Plataforma Tierra Joven

Se ofrecerán a través de una plataforma de nueva creación bautizada como Tierra Joven que tendrá entre sus funciones difundir la oferta y demanda de fincas y ofrecer información sobre el mercado de tierras agrarias, con datos sobre fiscalidad, financiación o normativa aplicable a la transmisión de explotaciones. Sánchez se comprometió a ponerla en marcha "en los primeros meses de este año", con la aprobación de un real decreto que regule sus contenidos. 

El presidente prometió también pelear por que la futura política agraria común (PAC) destine más fondos a atraer nuevos actores al medio rural. Al respecto, el Gobierno propondrá reservar el 10% de los recursos de la PAC al relevo generacional, frente al 6% planteado por la Comisión Europea. 

En un escenario en el que la dotación económica para la política agraria se ve amenazada por un recorte a la vista del marco financiero plurianual propuesto por Bruselas para el periodo 2028-2034, Sánchez defendió un presupuesto comunitario que alcance el 2% de la renta nacional bruta disponible. "Si tenemos eso, la PAC podría tener hasta incluso más recursos de los que tiene ahora", dijo el presidente del Gobierno, reconociendo la dificultad para conseguirlo. "Estamos muy solos", dijo aludiendo la posición de diversos estados miembros de la UE.

Granjas 'envejecidas'

Seis de cada diez titulares de explotaciones ganaderas en funcionamiento en Galicia –unas 40.500 sumando todo tipo de ganado, desde vacas de leche y carne a porcino, ovejas o aves– tienen 55 o más años. Y, lo más llamativo, es que cerca de un 30% de los jefes ya supera los 65 años.

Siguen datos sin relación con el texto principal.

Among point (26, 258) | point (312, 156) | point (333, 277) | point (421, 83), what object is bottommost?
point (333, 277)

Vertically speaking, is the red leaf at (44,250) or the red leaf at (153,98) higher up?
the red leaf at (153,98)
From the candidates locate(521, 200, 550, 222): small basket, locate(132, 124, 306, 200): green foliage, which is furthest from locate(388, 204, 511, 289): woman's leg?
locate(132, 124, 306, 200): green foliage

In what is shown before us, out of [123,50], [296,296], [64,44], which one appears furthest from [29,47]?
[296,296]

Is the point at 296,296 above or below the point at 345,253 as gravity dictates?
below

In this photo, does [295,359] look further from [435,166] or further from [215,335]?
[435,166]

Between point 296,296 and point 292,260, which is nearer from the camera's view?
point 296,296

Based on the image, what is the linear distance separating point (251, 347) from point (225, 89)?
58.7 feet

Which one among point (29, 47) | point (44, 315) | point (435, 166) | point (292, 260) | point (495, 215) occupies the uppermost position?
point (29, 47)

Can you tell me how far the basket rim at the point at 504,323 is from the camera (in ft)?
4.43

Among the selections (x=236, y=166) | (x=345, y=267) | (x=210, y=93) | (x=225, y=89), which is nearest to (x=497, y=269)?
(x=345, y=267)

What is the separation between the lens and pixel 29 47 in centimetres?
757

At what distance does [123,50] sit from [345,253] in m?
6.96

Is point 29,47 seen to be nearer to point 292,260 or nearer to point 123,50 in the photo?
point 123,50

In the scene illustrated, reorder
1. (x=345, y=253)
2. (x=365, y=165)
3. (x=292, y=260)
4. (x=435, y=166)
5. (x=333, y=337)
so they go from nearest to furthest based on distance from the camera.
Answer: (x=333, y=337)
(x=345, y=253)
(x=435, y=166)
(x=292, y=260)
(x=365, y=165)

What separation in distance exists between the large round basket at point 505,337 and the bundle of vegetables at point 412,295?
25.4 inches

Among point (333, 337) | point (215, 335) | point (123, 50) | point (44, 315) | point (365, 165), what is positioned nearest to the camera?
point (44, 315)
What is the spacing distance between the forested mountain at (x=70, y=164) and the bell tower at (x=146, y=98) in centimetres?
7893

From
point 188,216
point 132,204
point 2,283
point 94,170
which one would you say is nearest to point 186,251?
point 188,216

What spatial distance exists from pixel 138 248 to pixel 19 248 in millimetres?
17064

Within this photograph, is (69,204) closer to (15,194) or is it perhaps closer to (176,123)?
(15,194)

Esto quiere decir que muchos productores al frente de la explotación continúan más allá de la edad de jubilación y otra parte importante está a las puertas del retiro. Mientras, apenas un 5% de los titulares son jóvenes con edades por debajo de los 34 años.

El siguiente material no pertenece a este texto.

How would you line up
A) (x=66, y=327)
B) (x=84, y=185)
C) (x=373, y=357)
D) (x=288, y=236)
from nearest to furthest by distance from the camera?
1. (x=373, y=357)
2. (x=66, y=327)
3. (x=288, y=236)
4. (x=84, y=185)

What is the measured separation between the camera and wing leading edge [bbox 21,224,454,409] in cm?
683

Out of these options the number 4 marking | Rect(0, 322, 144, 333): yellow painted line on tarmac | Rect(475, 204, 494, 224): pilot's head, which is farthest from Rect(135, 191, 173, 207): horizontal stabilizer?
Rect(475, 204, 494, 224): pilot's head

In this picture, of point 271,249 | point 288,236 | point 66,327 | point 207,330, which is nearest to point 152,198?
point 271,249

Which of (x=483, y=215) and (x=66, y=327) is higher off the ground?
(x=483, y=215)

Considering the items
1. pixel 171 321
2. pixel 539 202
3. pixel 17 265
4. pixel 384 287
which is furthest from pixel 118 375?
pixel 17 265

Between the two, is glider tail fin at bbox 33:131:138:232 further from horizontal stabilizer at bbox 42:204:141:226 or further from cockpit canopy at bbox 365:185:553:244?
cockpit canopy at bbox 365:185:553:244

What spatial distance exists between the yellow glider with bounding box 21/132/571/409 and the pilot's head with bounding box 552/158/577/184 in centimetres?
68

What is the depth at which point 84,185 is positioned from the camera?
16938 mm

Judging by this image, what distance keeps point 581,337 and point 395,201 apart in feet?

Estos datos se extraen de una encuesta elaborada por el Instituto Nacional de Estadística (Ine) correspondiente al año 2023 que también refleja el problema de falta de base territorial que acusan muchas explotaciones agrícolas. La superficie media en Galicia es de 14 hectáreas, la segunda más baja de la Península tras Comunidad Valenciana.